So far, Mattel (NASDAQ:MAT) shares have fallen by about 37% this year. Supply-chain disruptions and lower retail sales amid the COVID-19 outbreak have taken a toll on the stock. During the first-quarter conference call, the company said that its global manufacturing and distribution capacity has been restored. Mattel expects to meet the product demand in the second half of the year. So, should investors rush to buy Mattel stock or avoid it?
Mattel missed its Q1 estimates
On May 5, Mattel posted weaker-than-expected first-quarter results. The company’s revenues of $594.1 million fell 14% year-over-year. While lower sales were expected, Mattel missed Wall Street’s consensus estimate of $652.7 million by a wide margin. The company’s revenues decreased across all of its regions and product categories barring a 1% increase in worldwide gross sales for vehicles led by Hot Wheels.

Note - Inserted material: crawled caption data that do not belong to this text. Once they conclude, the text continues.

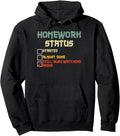 Authentic Japanese Homework Status Sweatshirt - Streetwear Style Men Women - T-Shirt, Sweatshirt, Hoodie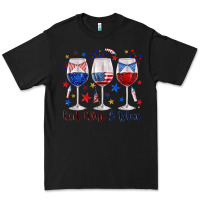 Black red wine and blue wine glasses Premium Tee - texasbilliewilder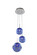 Meteor 3 Light Pendant (133|309540CH/SAPPH)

Despite lower revenues, Mattel had impressive gross margins. The company’s adjusted gross margin rose to 43.5% in the first quarter compared to 38.0% in the first quarter of 2019. The higher gross margins were due to the company’s cost savings programs. Mattel posted an adjusted operating loss of 133 million, which widened from $96.5 million last year.
Mattel posted an adjusted loss of $0.56 per share, which missed Wall Street’s estimate. Analysts expected the company to report a loss per share of $0.41.
What’s in the offing?
While the manufacturing and distribution capacity is being restored, I’m more worried about the demand. Also, most of the US stocks that were hit hard by COVID-19 have started to recover. However, Mattel stock hasn’t participated in the recent recovery.

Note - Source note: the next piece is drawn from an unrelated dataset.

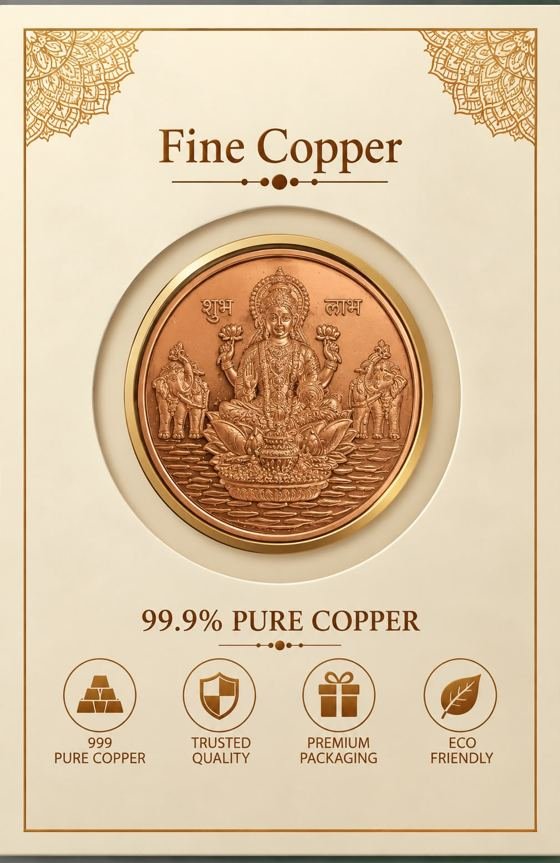 Lakshmi copper coin in RMP Fine Copper gift card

One of the reasons could be the company’s weak sales and tepid second-quarter outlook. Mattel expects its second-quarter revenues to take a bigger hit than the first quarter. Management stated that the retail disruptions it faced in March and a shift in the entertainment slate could weigh on its second-quarter sales. However, Mattel expects the situation to improve after the second quarter.

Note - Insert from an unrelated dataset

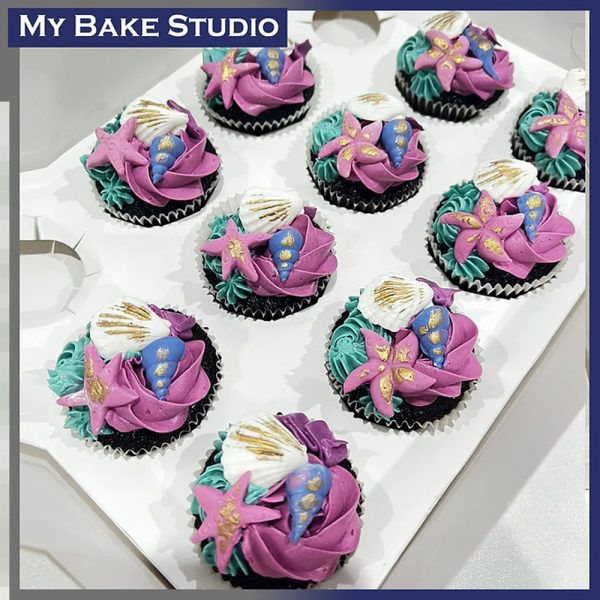 Seashell Cupcake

Analysts’ estimate indicates that Mattel’s revenue decline rate will likely decelerate after the second-quarter. Also, analysts expect the company’s losses to narrow down in 2020. Analysts’ estimates indicate better days ahead for Mattel. Markets reopening and supply chain improvement could provide some cushion. However, I would avoid Mattel stock right now. The stock doesn’t have positive catalysts to push it higher.
Hasbro (NASDAQ:HAS) stock, which is down equally, presents an excellent buying opportunity. Hasbro’s brands continue to resonate well with consumers, while the company’s diversified revenue base supports growth.